Treat the line containing "Kahve kupası illüstrasyonu El Çizimi" as the last one, and return every line exactly from the first line of the material below up to it.

*** Record excerpts Section Begins ***

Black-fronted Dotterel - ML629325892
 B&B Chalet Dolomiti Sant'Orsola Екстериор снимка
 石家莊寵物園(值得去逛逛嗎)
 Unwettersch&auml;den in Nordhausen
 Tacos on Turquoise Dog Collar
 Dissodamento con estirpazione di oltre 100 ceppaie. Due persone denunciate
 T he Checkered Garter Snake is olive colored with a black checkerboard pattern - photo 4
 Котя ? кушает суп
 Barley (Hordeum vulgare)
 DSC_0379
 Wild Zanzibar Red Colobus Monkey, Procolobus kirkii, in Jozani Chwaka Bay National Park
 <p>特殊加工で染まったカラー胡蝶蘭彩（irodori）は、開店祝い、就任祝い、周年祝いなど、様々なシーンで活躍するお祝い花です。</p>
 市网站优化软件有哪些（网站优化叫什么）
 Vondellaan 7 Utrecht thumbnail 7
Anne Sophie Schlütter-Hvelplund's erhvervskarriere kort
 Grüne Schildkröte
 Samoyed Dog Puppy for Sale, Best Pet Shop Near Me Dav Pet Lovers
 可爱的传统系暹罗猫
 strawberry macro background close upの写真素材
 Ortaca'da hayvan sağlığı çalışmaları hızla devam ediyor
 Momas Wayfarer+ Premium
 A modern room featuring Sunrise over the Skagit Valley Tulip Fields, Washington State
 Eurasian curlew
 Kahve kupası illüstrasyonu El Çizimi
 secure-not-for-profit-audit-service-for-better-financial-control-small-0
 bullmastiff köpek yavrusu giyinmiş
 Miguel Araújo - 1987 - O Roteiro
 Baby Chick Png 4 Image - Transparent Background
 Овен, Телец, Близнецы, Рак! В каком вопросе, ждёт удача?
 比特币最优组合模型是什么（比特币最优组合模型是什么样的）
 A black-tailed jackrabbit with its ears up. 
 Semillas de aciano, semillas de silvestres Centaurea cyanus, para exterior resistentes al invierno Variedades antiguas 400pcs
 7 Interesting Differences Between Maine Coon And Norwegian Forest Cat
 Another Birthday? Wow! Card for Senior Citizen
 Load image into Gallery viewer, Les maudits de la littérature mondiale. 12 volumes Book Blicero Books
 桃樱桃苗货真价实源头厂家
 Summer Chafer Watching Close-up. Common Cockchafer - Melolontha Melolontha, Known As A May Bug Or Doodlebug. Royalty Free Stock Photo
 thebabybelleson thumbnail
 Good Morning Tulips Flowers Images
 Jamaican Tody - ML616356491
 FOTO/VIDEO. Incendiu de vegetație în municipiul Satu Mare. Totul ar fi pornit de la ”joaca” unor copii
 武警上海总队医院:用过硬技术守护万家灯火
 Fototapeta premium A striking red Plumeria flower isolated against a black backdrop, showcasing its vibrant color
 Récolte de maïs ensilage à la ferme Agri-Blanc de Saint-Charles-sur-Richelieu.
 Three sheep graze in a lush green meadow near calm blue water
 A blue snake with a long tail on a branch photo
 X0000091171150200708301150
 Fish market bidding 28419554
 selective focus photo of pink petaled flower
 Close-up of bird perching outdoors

*** Record excerpts Section Ends ***

[Solution below]:
Black-fronted Dotterel - ML629325892
 B&B Chalet Dolomiti Sant'Orsola Екстериор снимка
 石家莊寵物園(值得去逛逛嗎)
 Unwettersch&auml;den in Nordhausen
 Tacos on Turquoise Dog Collar
 Dissodamento con estirpazione di oltre 100 ceppaie. Due persone denunciate
 T he Checkered Garter Snake is olive colored with a black checkerboard pattern - photo 4
 Котя ? кушает суп
 Barley (Hordeum vulgare)
 DSC_0379
 Wild Zanzibar Red Colobus Monkey, Procolobus kirkii, in Jozani Chwaka Bay National Park
 <p>特殊加工で染まったカラー胡蝶蘭彩（irodori）は、開店祝い、就任祝い、周年祝いなど、様々なシーンで活躍するお祝い花です。</p>
 市网站优化软件有哪些（网站优化叫什么）
 Vondellaan 7 Utrecht thumbnail 7
Anne Sophie Schlütter-Hvelplund's erhvervskarriere kort
 Grüne Schildkröte
 Samoyed Dog Puppy for Sale, Best Pet Shop Near Me Dav Pet Lovers
 可爱的传统系暹罗猫
 strawberry macro background close upの写真素材
 Ortaca'da hayvan sağlığı çalışmaları hızla devam ediyor
 Momas Wayfarer+ Premium
 A modern room featuring Sunrise over the Skagit Valley Tulip Fields, Washington State
 Eurasian curlew
 Kahve kupası illüstrasyonu El Çizimi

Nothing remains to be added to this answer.